JP2013204981A - Cooling unit and refrigeration device - Google Patents

Abstract

PROBLEM TO BE SOLVED: To provide a cooling unit capable of effectively carrying out supercooling of a refrigerant flowing in an inlet pipe connected to an inlet of an evaporator through an expansion valve, and remarkably reducing worker's burden when installed.SOLUTION: In a cooling coil 10 arranging an evaporator 16 in one side of a surface of a drain pan 11, and arranging a blower 18 generating an air flow passing the evaporator 16 in another side of the surface of the drain pan 11, an inlet pipe 12 connected to an inlet of the evaporator 16 is arranged to meander so as to contact with the back side of the drain pan 11.

Description

  The present invention relates to a cooling unit and a refrigeration apparatus installed in a space to be cooled such as a prefabricated refrigerator.

  Generally, in a space to be cooled such as a prefabricated refrigerator (refrigeration apparatus), a cooling unit is installed, for example, in a ceiling manner. This cooling unit accommodates an evaporator and a blower, and the evaporator is connected to a refrigerator. This refrigerator has a compressor, a condenser, and an expansion valve, and these devices are connected to an evaporator to constitute a refrigeration cycle. In this type of apparatus, in order to improve heat exchange efficiency and COP, for example, the inlet pipe of the expansion valve and the outlet pipe of the evaporator are arranged so as to contact each other, and the inlet pipe and the outlet pipe It has been proposed to perform heat exchange between the two and supercool the refrigerant toward the evaporator (see, for example, Patent Document 1).

JP-A-9-60989

However, in the conventional refrigeration apparatus, the operation of bringing the inlet pipe and the outlet pipe into contact with each other is performed at the site when the refrigeration apparatus is installed.
For the operator, the inlet pipe and the outlet pipe must be provided in contact with each other, for example, by taking a tight posture, and the refrigeration apparatus is caused by the troublesome work of installing the inlet pipe and the outlet pipe. The burden of installation work has increased.

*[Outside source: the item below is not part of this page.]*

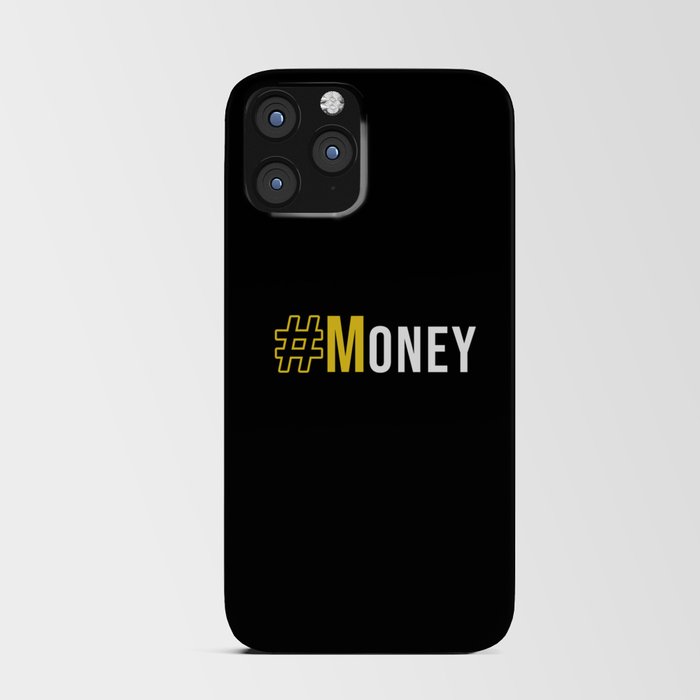 #Money iPhone Card Case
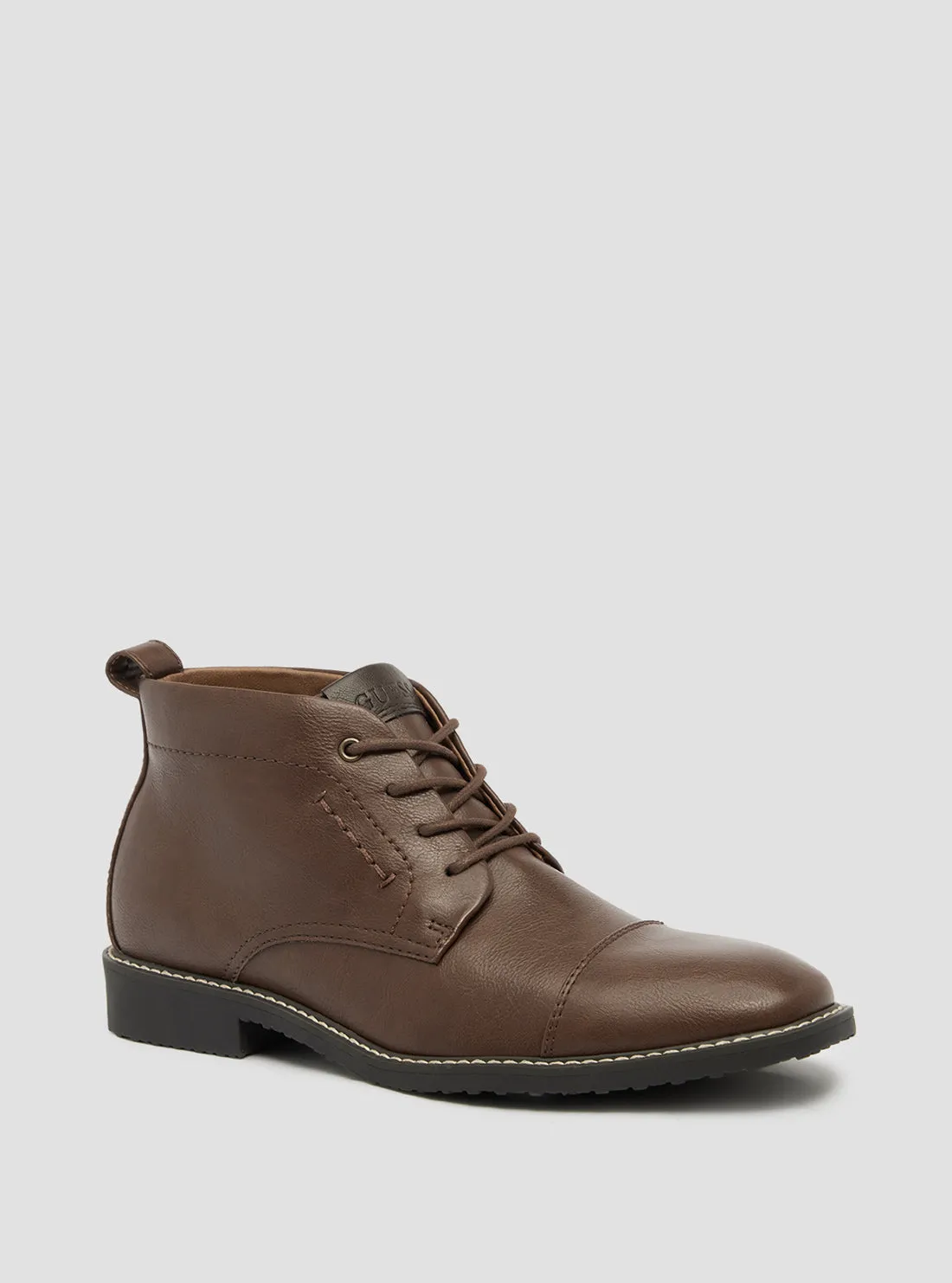 Brown Tivey Ankle Boots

  SUMMARY OF THE INVENTION Accordingly, an object of the present invention is to solve the above-described problems of the prior art and to obtain a cooling unit and a refrigeration apparatus that can sufficiently subcool the refrigerant flowing through the inlet pipe and reduce the burden on the operator. .

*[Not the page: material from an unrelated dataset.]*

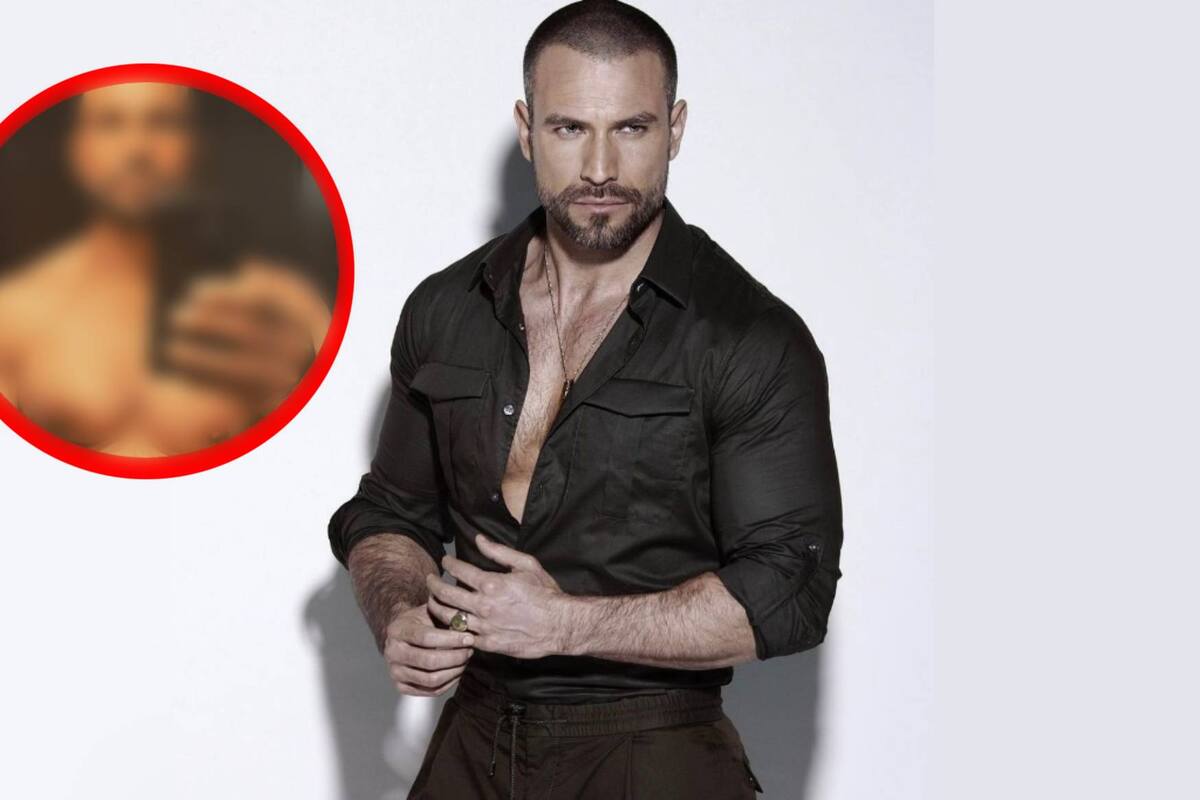 Rafael Amaya presume su cuerpo de tentación en Instagram y lo acusan de usar Photoshop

In order to achieve the above object, the present invention provides a cooling unit in which an evaporator is disposed on one side of a surface of a drain pan, and a blower that generates an airflow passing through the evaporator is disposed on the other side of the surface. The inlet pipe connected to the evaporator is arranged to meander so as to contact the back surface of the drain pan.
In the present invention, since the refrigerant flowing in the inlet pipe is cooled by the cold heat of the drain water stored in the drain pan and flows into the evaporator, it is supercooled, thereby improving the heat exchange efficiency and improving the COP.
In this case, the connection port of the inlet pipe and the outlet port of the evaporator may be provided exposed to the outside of the drain pan.
Moreover, the said cooling unit may be installed toward the to-be-cooled space, such as a prefabricated refrigerator, the back surface of the said drain pan.
The cooling unit may be suspended from a ceiling such as a prefabricated refrigerator.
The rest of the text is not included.